# [What to do]
Look in the data below for the line that has "Ukulele tenor with", then print exactly every line from there through the line that has "Işıltının Yeni Adı: Dua", leaving pictures out.

# [Data for this exercise]

+ + + +

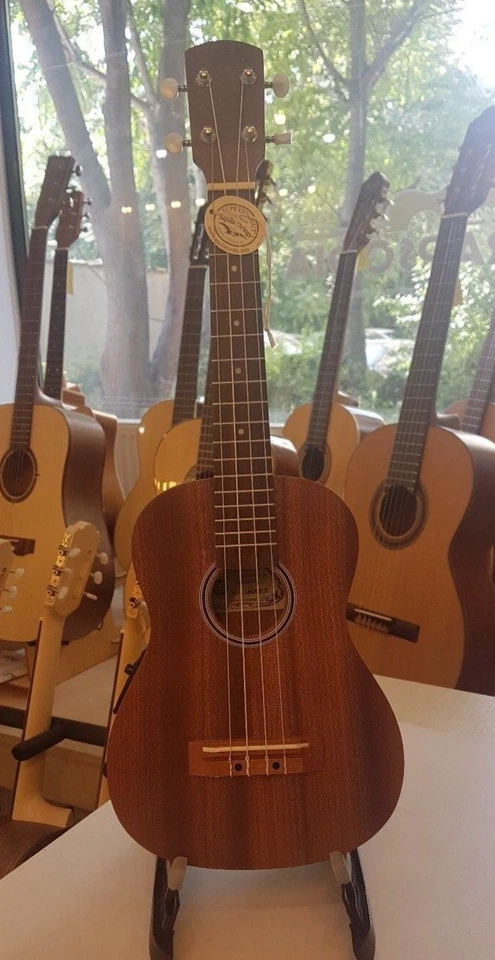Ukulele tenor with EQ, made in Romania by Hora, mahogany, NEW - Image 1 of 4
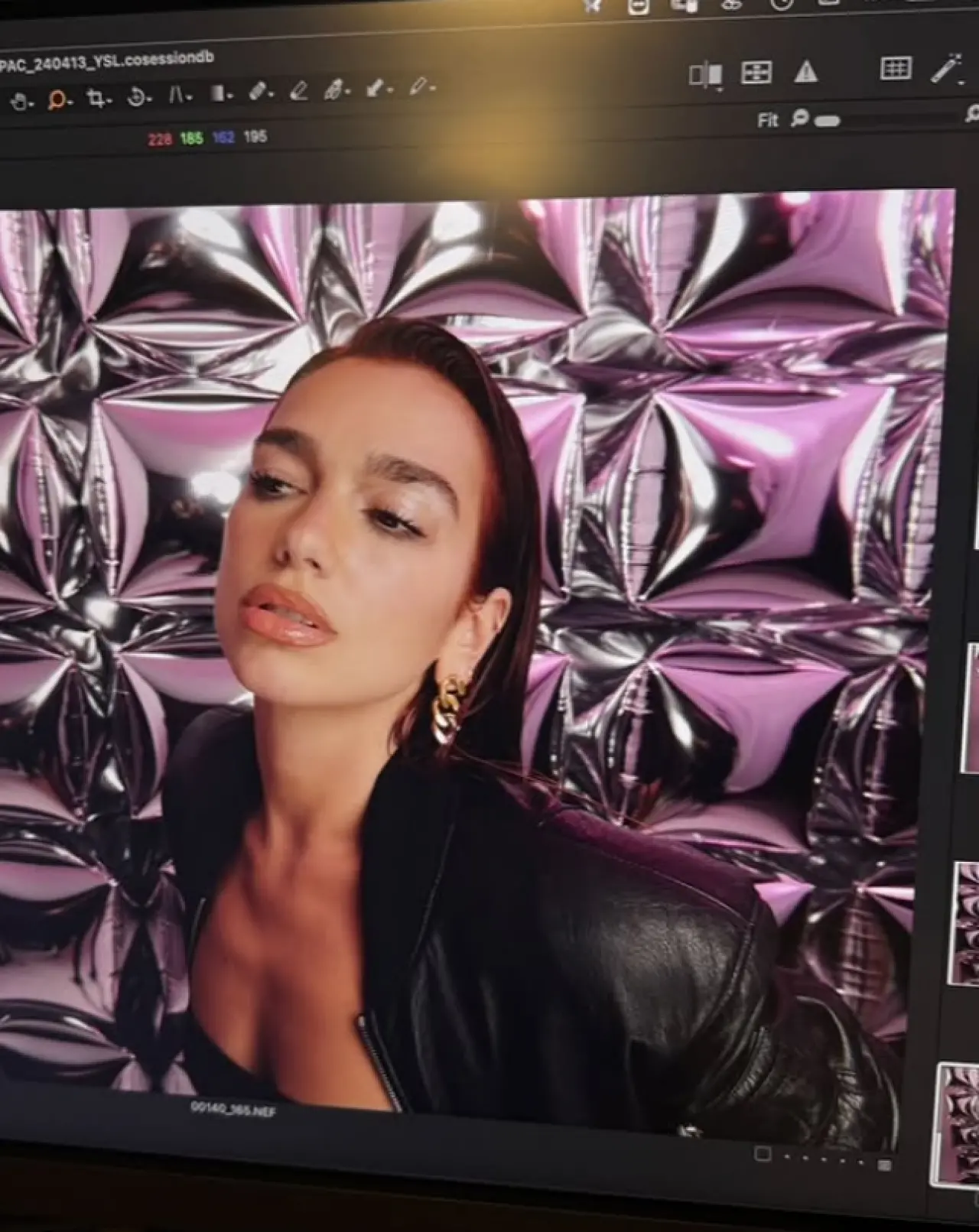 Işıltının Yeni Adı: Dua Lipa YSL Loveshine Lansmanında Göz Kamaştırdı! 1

+ + + +

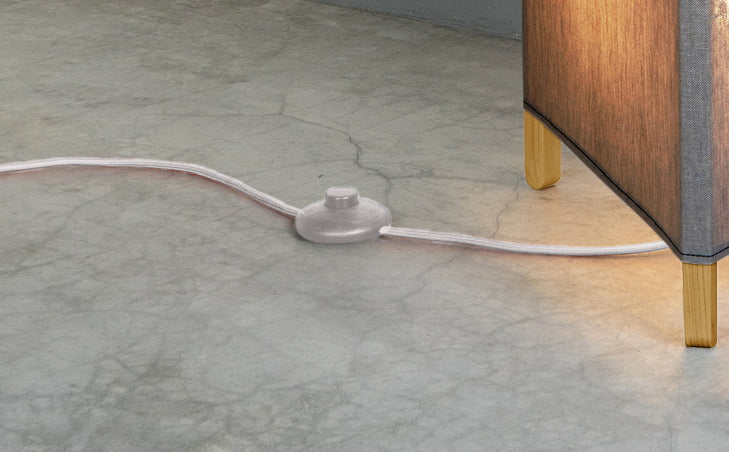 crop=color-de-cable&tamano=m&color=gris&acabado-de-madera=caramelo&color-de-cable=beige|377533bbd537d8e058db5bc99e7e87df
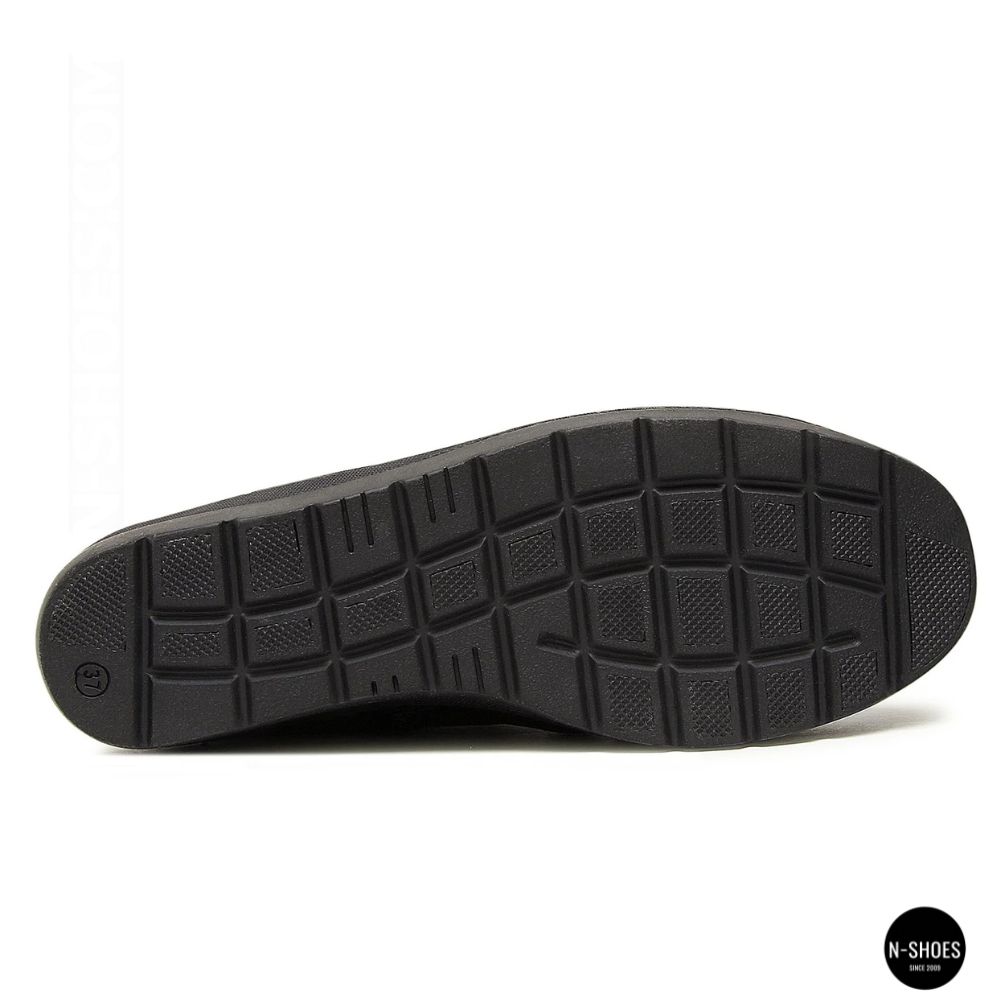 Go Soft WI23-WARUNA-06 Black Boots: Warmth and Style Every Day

+ + + +

# [Finished task]
Ukulele tenor with EQ, made in Romania by Hora, mahogany, NEW - Image 1 of 4
 Işıltının Yeni Adı: Dua Lipa YSL Loveshine Lansmanında Göz Kamaştırdı! 1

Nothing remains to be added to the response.